This Day All Gods Die
- Author: Stephen R. Donaldson
- Language: English
- Series: The Gap Cycle
- Genre: Science fiction
- Publisher: Bantam Books/Spectra
- Publication date: 1996
- Publication place: United States
- Media type: Print (hardback and paperback)
- ISBN: 0-553-57328-4 (US hardback)
- OCLC: 36516362
- Preceded by: Chaos and Order

= This Day All Gods Die =

1996 novel by Stephen R. Donaldson

This Day All Gods Die, officially The Gap into Ruin: This Day All Gods Die, is a 1996 science fiction novel by the American writer Stephen R. Donaldson, being the final book of The Gap Cycle.

==Plot==

As the crippled starship Trumpet drifts in space, its drives sabotaged from within by a crewman tainted with an alien mutagen, a deadly game is being played out on a satellite near Earth in the headquarters of the UMC Police.
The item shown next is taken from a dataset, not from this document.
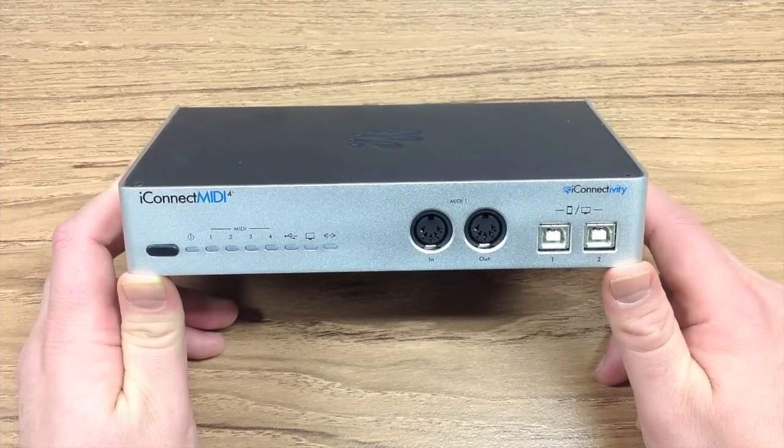In this tutorial we're going to explore how we connect the iConnect MIDI 4 Plus in various configurations.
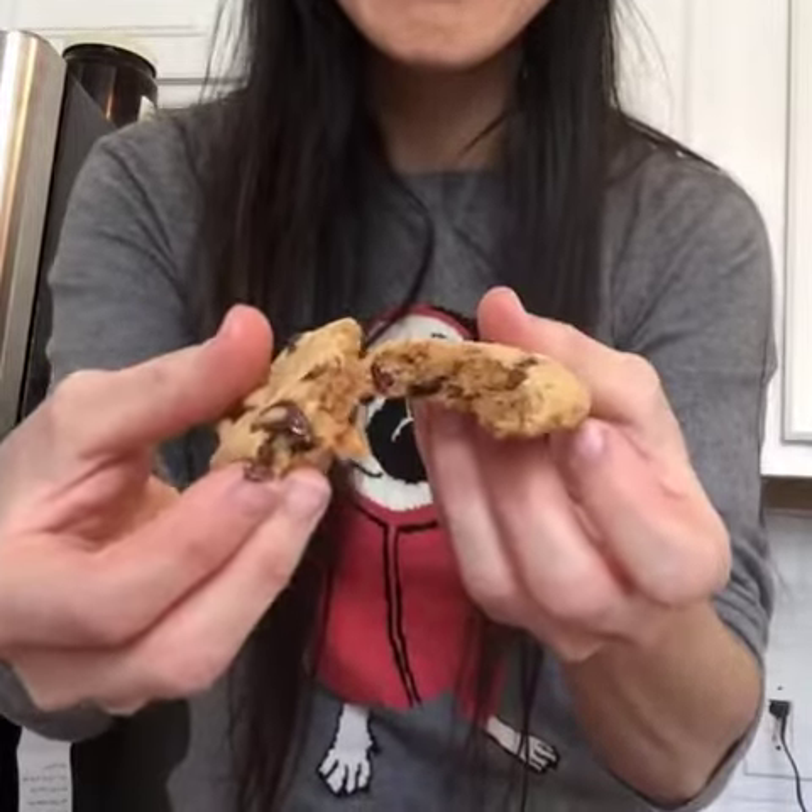They have almond flour, they have coconut flour, they have palm shortening, they have coconut sugar — all the good yummy stuff that's good for you is in these. Bon appétit, I'm gonna try. Look at that, y'all. I'm gonna try and not eat this whole batch because I have friends coming over tonight and I want to be able to feed them cookies too.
In the wake of a suicide attack in the chambers of the Governing Council for Earth and Space, UMCP Director Warden Dios is preparing to expose the secret machinations of the Dragon, the corrupt head of the United Mining Companies. But Dios's own dangerous actions are about to come to light and may precipitate all-out war with the Amnion, leaving Dios – and all humanity – to pay a terrible price for what could be termed treason.
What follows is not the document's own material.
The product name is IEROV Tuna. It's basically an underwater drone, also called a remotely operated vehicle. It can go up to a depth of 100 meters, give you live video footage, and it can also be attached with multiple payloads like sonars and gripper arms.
Though dead in space, Trumpet broadcasts to any ship in range the formula of the mutagen's antidote – a drug the UMC has suppressed for its own sinister purposes. A small band of battered survivors, these fugitives hold the key to Earth's future: Morn Hyland, a former UMCP cop whose obsession with the Amnion has grown so fierce she is becoming something even her son doesn't recognize; Angus Thermopyle, cyborg tool of the UMCP, released from his cybernetic enslavement and now testing the boundaries of his new freedom; Ciro Vasaczk, tormented by the damage done him by the Amnion mutagen – and by the damage he himself has done Trumpet while in thrall to the drug.

Their escape from the Calm Horizons will prove to be only a temporary triumph if the alien combat craft survives its battle with the UMCP ship Punisher and returns to the Amnion with the antidote's formula – and the key to the destruction of all human life. Morn Hyland can see just one way out of their situation. As Min Donner and Punisher close in on the disabled Trumpet to arrest the fugitives, Morn prepares for a desperate gamble. To commandeer the police craft by any means necessary... and take it back to Earth.
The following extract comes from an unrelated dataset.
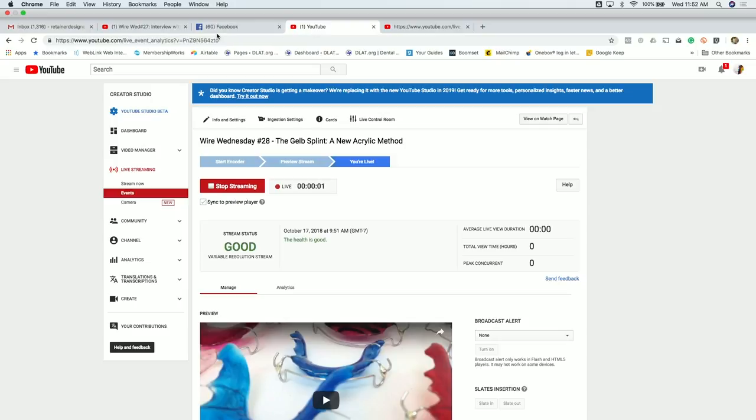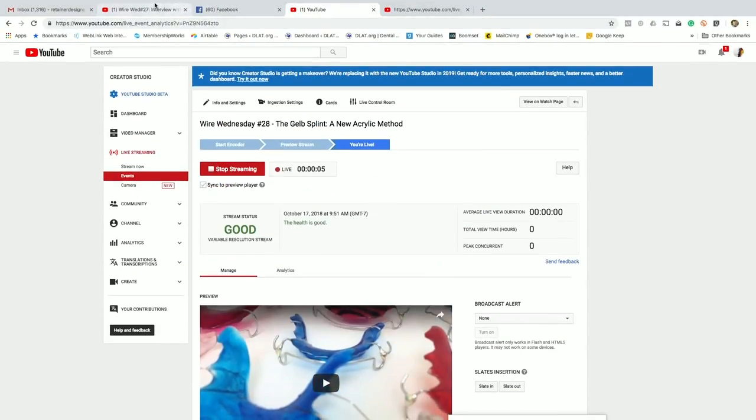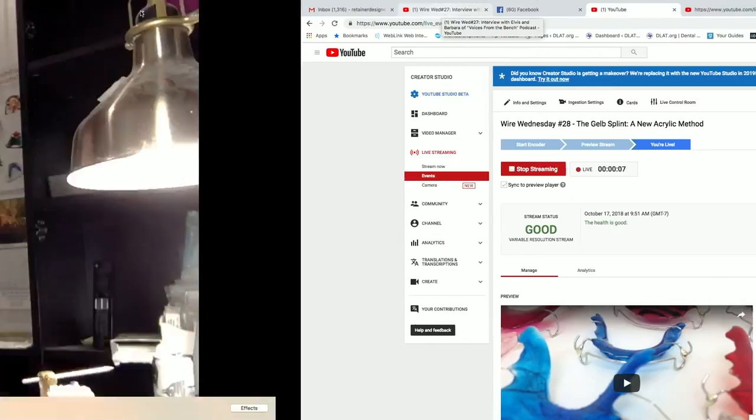I think I'm live. Alright, make sure nothing else is playing here. Hello everyone, welcome to Wire Wednesday number 28. Sorry, kind of been a long morning — had to fix my car so we could take the kids to school. I wasn't going to do one but something interesting came up and I want to possibly show it to everyone, and I'll explain it in a little bit.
As Dios in Earth's orbit and Morn in deep space each make dire, far-reaching decisions, the Amnion act with swift fury, and suddenly Earth stands threatened with fiery destruction.

== Publication ==
This Day All Gods Die was the fifth and final novel in the author Stephen R. Donaldson's series The Gap Cycle. It was published on April 15, 1996, by Bantam Books/Spectra.

==Reception==
The novel received positive reviews and was described by Publishers Weekly as "a crowd-pleasing story told on a grand scale, SF adventure with a genuinely galactic feel".